Re: squid-3 update from Andres Kroonmaa on 2002-10-30 (squid-dev)

From: Andres Kroonmaa <andre@dont-contact.us>
Date: Wed, 30 Oct 2002 09:55:07 +0200

On 29 Oct 2002, at 20:11, Adrian Chadd <adrian@squid-cache.org> wrote:

> > > I have the call graphs available from gprof if anyone is interested.
> >
> > gprof? isn't it showing you complete beans? thats the whole reason
> > I wrote profiling branch.
>
> Complete beans? I'll take a look at the profiling branch, but the
> call graphs are the interesting bits I'm after.
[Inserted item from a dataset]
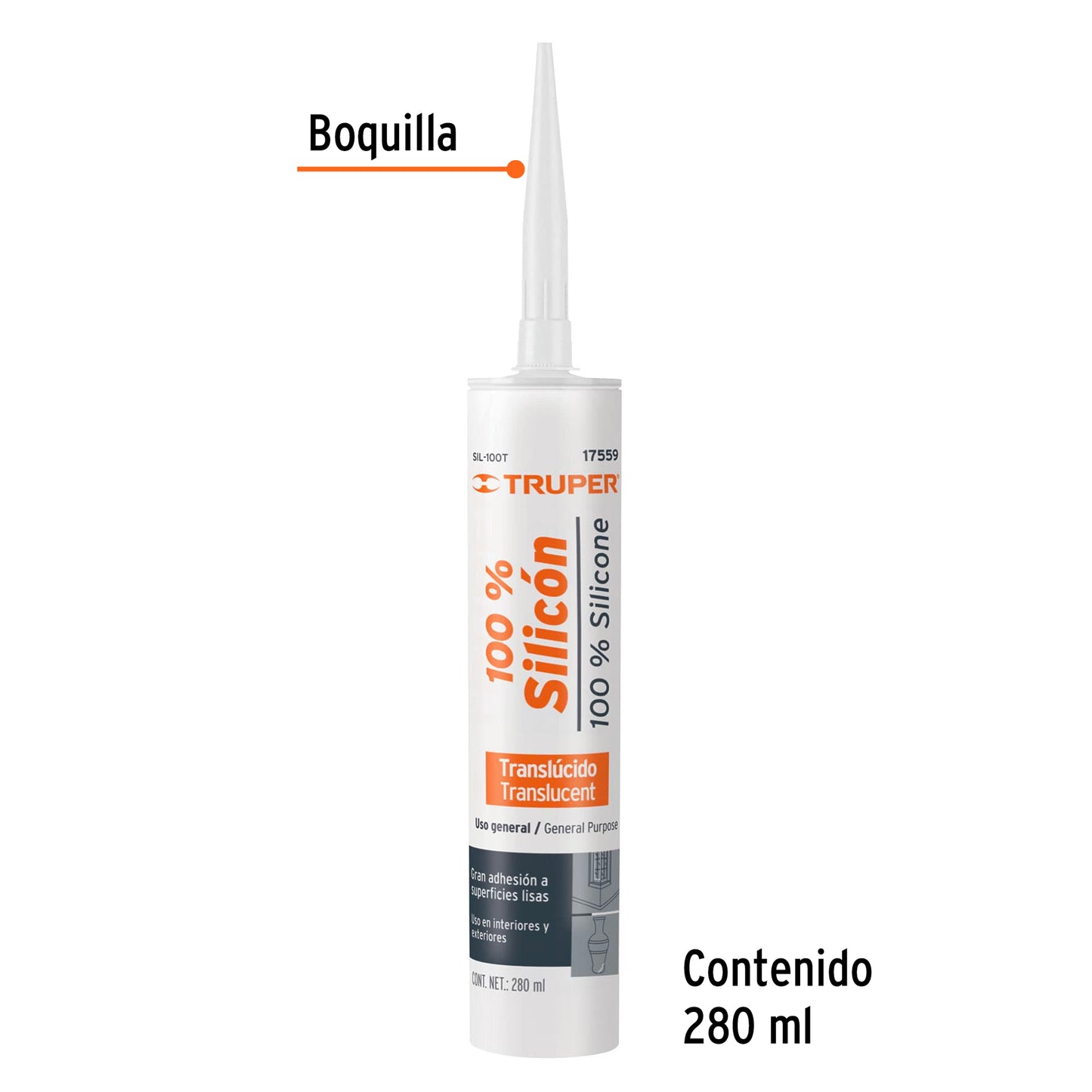 SIL-100T Sellador transparente, 100% de silicón, 280 ml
yes, gprof has granularity of systick, 10ms. It simply counts number
of times any func is called, and divides 10ms time evenly between them.
So if you have 20k calls to some acl or mempool that takes about 200
cpu ticks each, and then sleep in poll for 9.8ms, gprof will account
99% of time to wrong stuff. In reality it may try to account for poll
somehow, but if its own time granularity is 10ms, it can never say
how long poll took exactly. It has no way to be more precise. Besides,
it adds considerable overhead, it tracks recursion to know parent/child
relations. All it gives you is proportion of number of calls to each
other and nice call graphs. Actual time spent anywhere is wrong.

btw, as I understand, profiling branch is merged into head now.
combining both gprof and highres profiling might be a good pick.

> > I'd speculate that above says: there are 2-3 fsb requests outstanding per
> > data_mem_refs (p0/p1), which is roughly 25% of cputime for each cpu, and
> > that there is roughly 16-20% cputime spent on all data references, both
> > cache hits and misses.
>
> Hm. I'd probably do it with a single CPU, it might make more sense.
> Squid shouldn't be using an even amount of time per CPU unless the pthreads
> in aufs are taking more CPU than I remember them.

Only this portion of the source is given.